* _RAW DATA_:

= = = = = = =

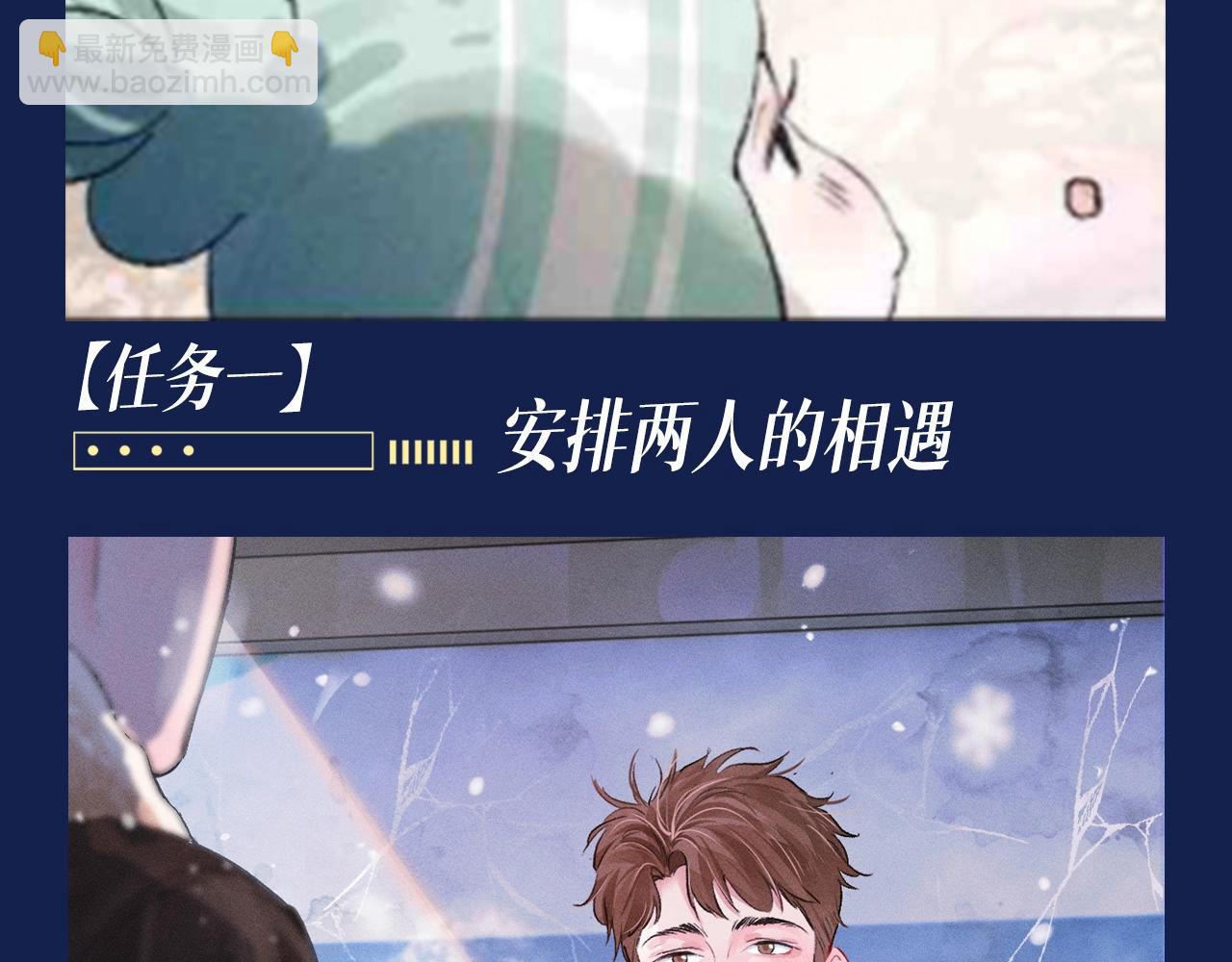 第13期 特别企划：来看小红娘顾淼完成的主线任务！-第129话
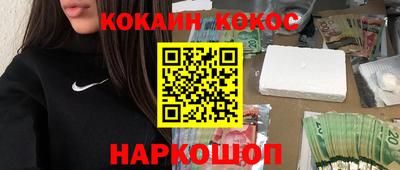 не бодяженный Бузулук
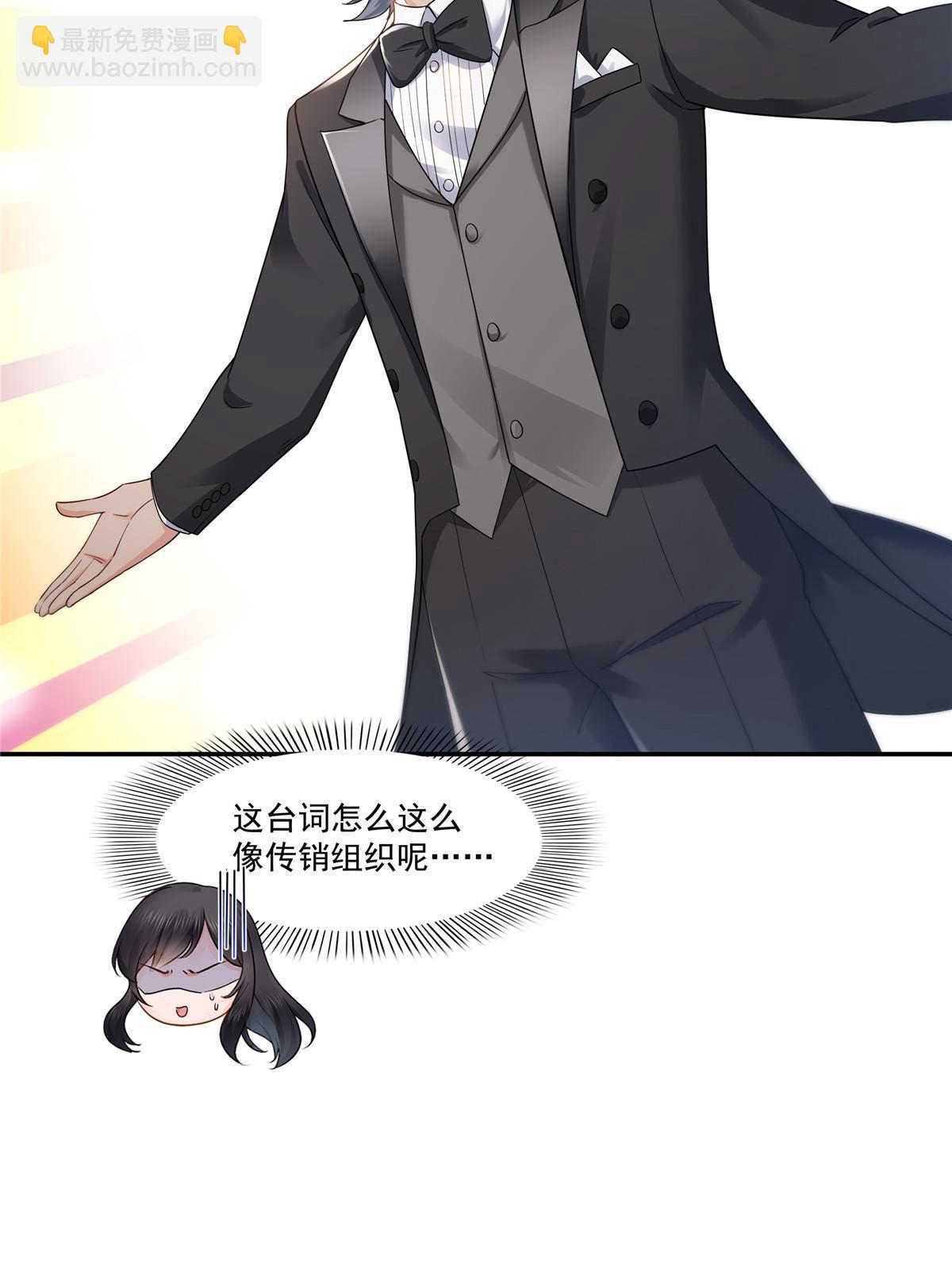 第二百八十九话 陪你玩完了8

= = = = = = =

* _WORK TO BE COMPLETED_:
With the images excluded, reproduce the data above precisely as written.

* _EXERCISE SOLUTION_:
 第13期 特别企划：来看小红娘顾淼完成的主线任务！-第129话
 не бодяженный Бузулук
 第二百八十九话 陪你玩完了8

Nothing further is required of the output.